Friday, April 28, 2017

Choice Magazine Book Review of: Mizzoni, John. Evolution and the foundations of ethics: evolutionary perspectives on contemporary normative and metaethical theories. Lexington Books, 2017

Reviewer: White, Ronald F. Mount St. Joseph University      

This ambitious, interdisciplinary work explains how evolutionary ethics might elucidate recent philosophical debates over alternative normative and metaethical theories.
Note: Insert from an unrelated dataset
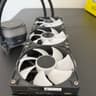 CORSAIR iCUE LINK TITAN RX 360 RGB AIO | Complete Kit | Box + Accessories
It is conveniently divided into three parts: Part I. Evolution and Metaethics (Error Theory, Expressivism, Moral Relativism, and Moral Realism); Part II. Evolution and Normative Ethics (Virtue Ethics, Natural Law, Social Contract, Deontology, Utilitarianism, and Care Ethics); and, III. Evolution and Ethics (Conclusion).  The predictable conclusion is that that evolutionary ethics neither confirms nor disconfirms any one metaethical or normative theory. Critics will observe that this book focuses more on ethical theories than evolutionary ethics; and that there’s an over-emphasis on 20th century evolutionary scientists such as Dawkins, Wilson, and Gould. Consequently, there’s much more to be said about state-of-the-art evolutionary ethics; most notably, evolutionary leadership theory, cultural evolution, and the “mismatch theory.” Despite the above limitations, this is a good, broad-based introduction to the interface between moral theory and evolutionary ethics. It provides and especially lucid summary of twentieth-century moral philosophy. It will be most useful for evolutionary scholars (and upper level/grad students) who have never studied ethical theories, in depth. For a more concise textbook in this genre, check out Scott James’ An Introduction to Evolutionary Ethics (Wiley-Blackwell: 2011).